Prepare your baking tray before getting started with the recipe. Lightly butter the madeleine mold, and coat in an even dusting of all purpose flour.
Knock off excess flour and reserve the mold to use later.
Combine and sift the cake flour and baking powder, and reserve it to use later.
Melt the butter and whisk it into the whole milk.
Combine the whole egg and sugar in a stand mixer with a whisk attachment, and whip to ribbon consistency. The mixture should be light and airy, and fall off of the whisk in a steady, full stream.
Add the inverted sugar, vanilla paste, peppermint extract, and salt.
Gently fold the sifted dry ingredients into the egg mixture in to additions, mixing until just combined.
Fold in the butter and milk mixture.
Pipe the madeleine batter into the prepared mold.

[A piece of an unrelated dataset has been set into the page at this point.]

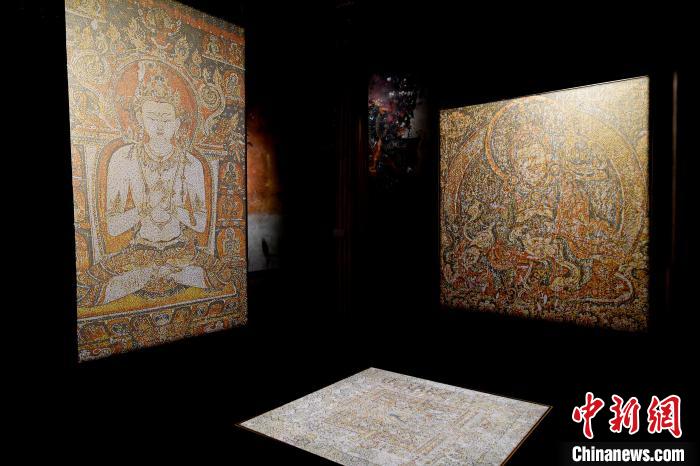 3月31日，觀眾欣賞展覽中的作品?！±盍?攝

Lightly cover the mold in plastic wrap, and place it in the refrigerator to rest for 12-24hrs.
Place a sheet pan large enough for the madeleine mold into the oven, and preheat the oven and sheet pan to 375F/190C.

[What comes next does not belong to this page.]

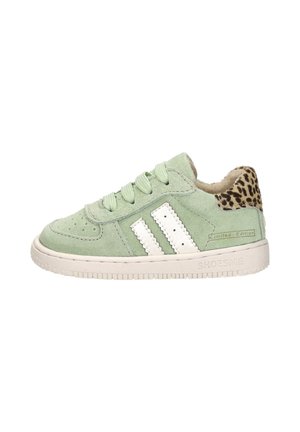Lichtgroene suède sneaker met witte strepen, luipaardprint hielstuk, vetersluiting en "Limited Edition" in reliëf aan de zijkant.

Remove the plastic wrap from the mold and place it directly on the hot sheet pan in the oven. Place the madeleine in cold if using a professional oven. If baking at home, allow the batter to warm for 10-15min. before baking.
Bake the madeleine for about 8min. if you’re using a professional oven. For a home oven, the time will vary and may take up to 15min.
Cover the madeleine mold with a tea towel immediately after removing them from the oven, and let them cool for 2-3min.
Gently unmold the madeleine and sandwich them between two tea towels. Allow them to cool to room temp. Clean and dry the madeleine baking pan thoroughly and reserve it to use for the final step.
Temper white chocolate.
Using two toothpicks – inserted in opposite angels to help keep the madeleine from falling off – dip* each madeleine into the chocolate, coating the smooth side of the cake.
*Using a pomming motion – seen before when we made chocolate truffles – will help to pull excess white chocolate off the madeleine.
Keep the madeleine in a cool place until the chocolate shell has fully set.
Temper the remaining white chocolate and, using a disposable piping bag, pipe a dollop of chocolate into the cavities of the madeleine mold. The amount of chocolate needed per cavity will vary. I filled these cavities just under 1/3 full to get enough chocolate to displace to the edges.
Place the madeleine back into the mold, scallop side down. Press evenly to allow the piped chocolate to push up the sides of the madeleine. If necessary, wipe away excess chocolate from the edge with a cotton swab.
If the chocolate begins to set before you place the madeleine onto it, they won’t fuse together, so work on two or three cavities at a time.
Let the chocolate set in a cool place for 30min – 1hr or up to overnight. Unmold and enjoy!